▶ **Task directions**
Write out nothing except the lines of the entries below, from the first through the one containing "Photo 3 VIN: WAUAFAFL9FN033856 - AUDI A4", exactly and without pictures.

[Start of Attachment]

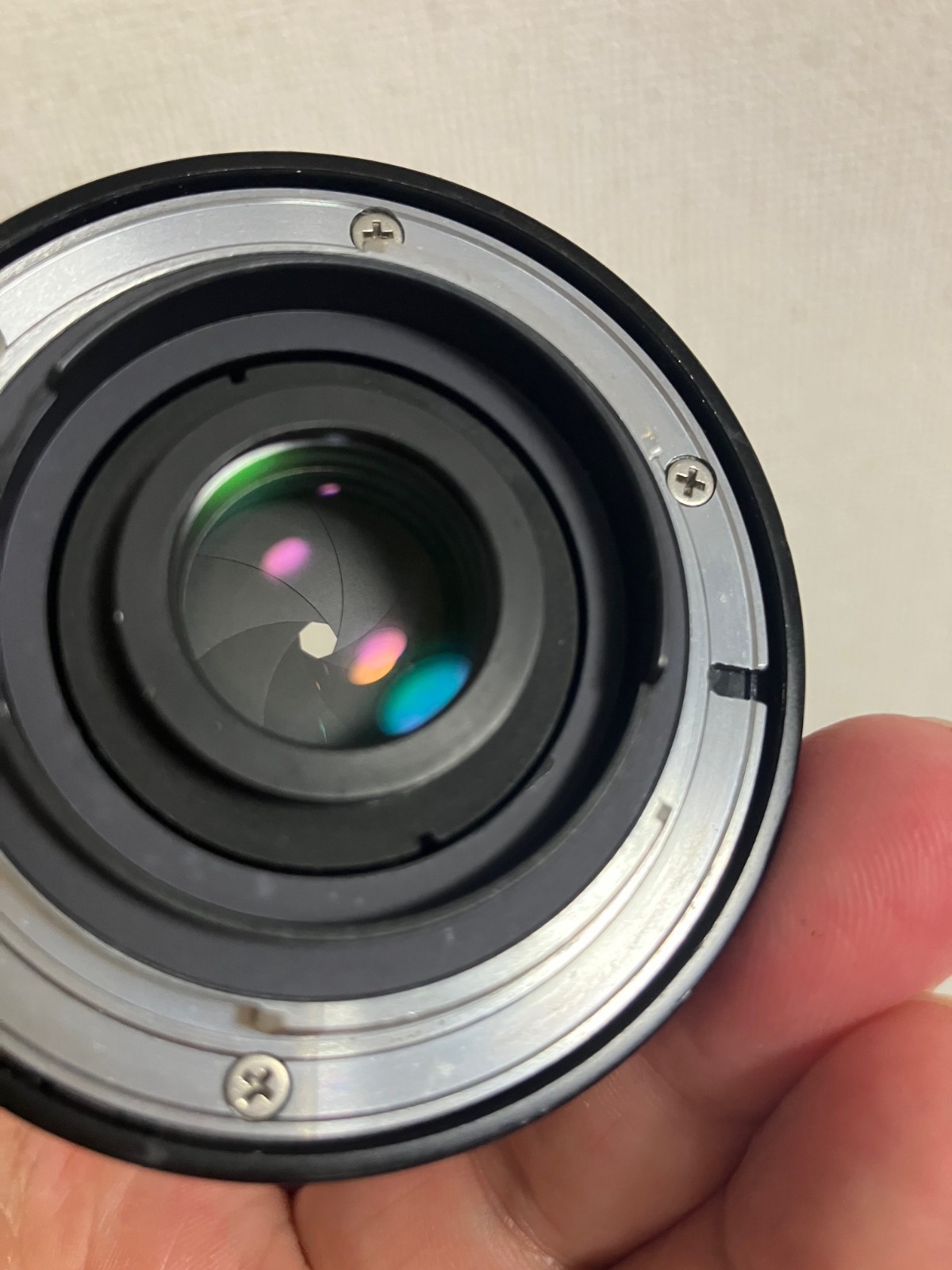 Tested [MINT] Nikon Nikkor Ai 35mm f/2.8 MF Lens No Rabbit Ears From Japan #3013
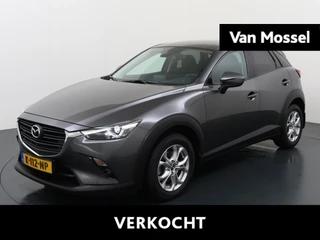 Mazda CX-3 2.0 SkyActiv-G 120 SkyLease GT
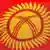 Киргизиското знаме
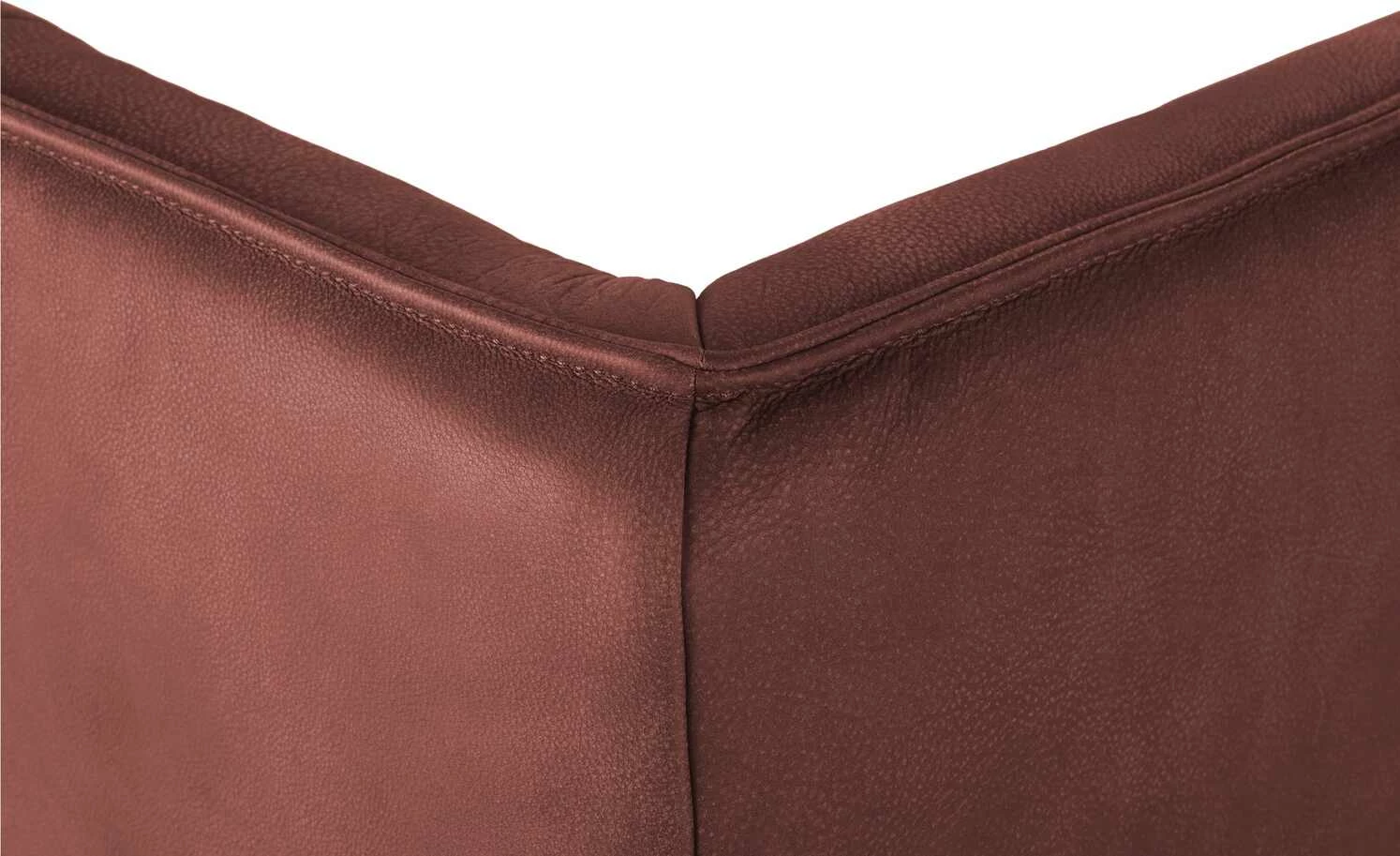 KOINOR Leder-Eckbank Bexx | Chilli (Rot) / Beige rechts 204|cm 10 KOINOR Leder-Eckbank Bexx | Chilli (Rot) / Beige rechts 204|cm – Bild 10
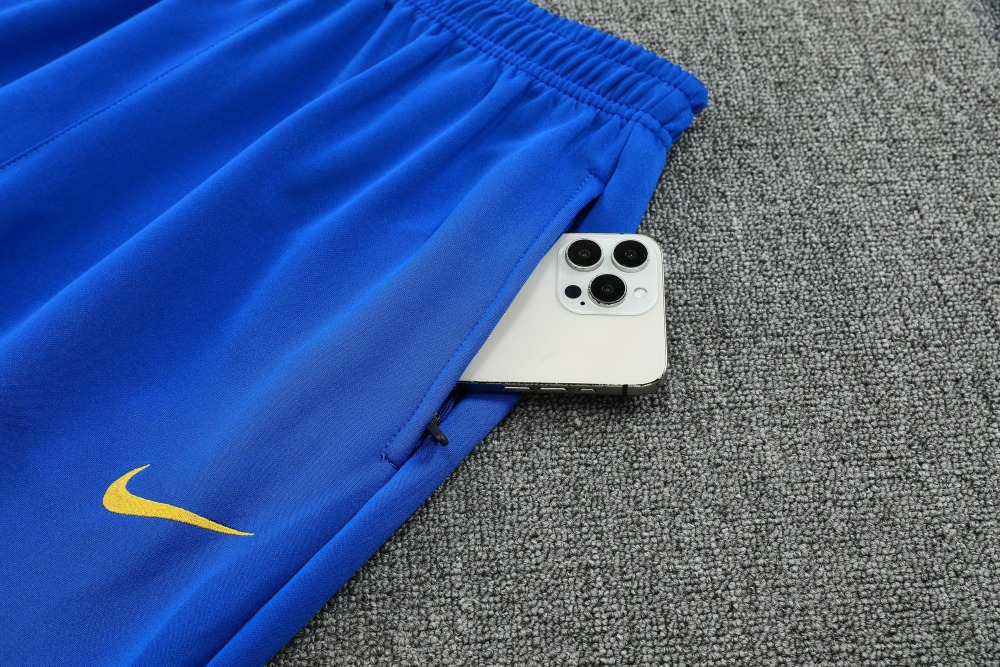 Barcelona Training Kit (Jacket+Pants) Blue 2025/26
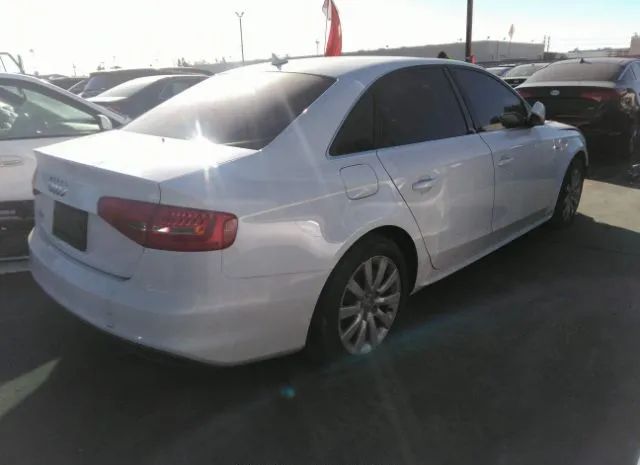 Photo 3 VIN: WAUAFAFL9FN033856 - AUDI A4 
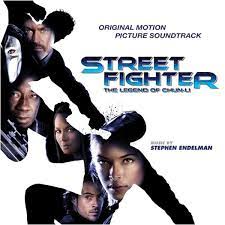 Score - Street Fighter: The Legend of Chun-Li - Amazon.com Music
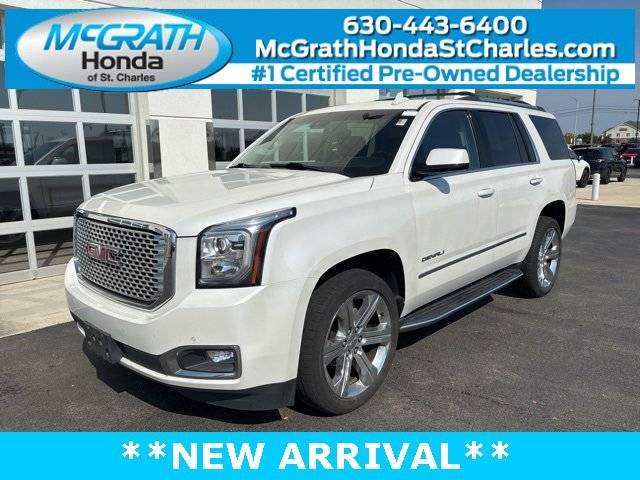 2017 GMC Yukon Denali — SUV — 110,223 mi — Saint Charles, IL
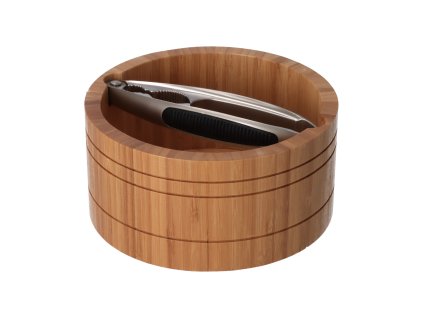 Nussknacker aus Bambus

[End of Attachment]

▶ **Task answer**
 Tested [MINT] Nikon Nikkor Ai 35mm f/2.8 MF Lens No Rabbit Ears From Japan #3013
 Mazda CX-3 2.0 SkyActiv-G 120 SkyLease GT
 Киргизиското знаме
 KOINOR Leder-Eckbank Bexx | Chilli (Rot) / Beige rechts 204|cm 10 KOINOR Leder-Eckbank Bexx | Chilli (Rot) / Beige rechts 204|cm – Bild 10
 Barcelona Training Kit (Jacket+Pants) Blue 2025/26
 Photo 3 VIN: WAUAFAFL9FN033856 - AUDI A4 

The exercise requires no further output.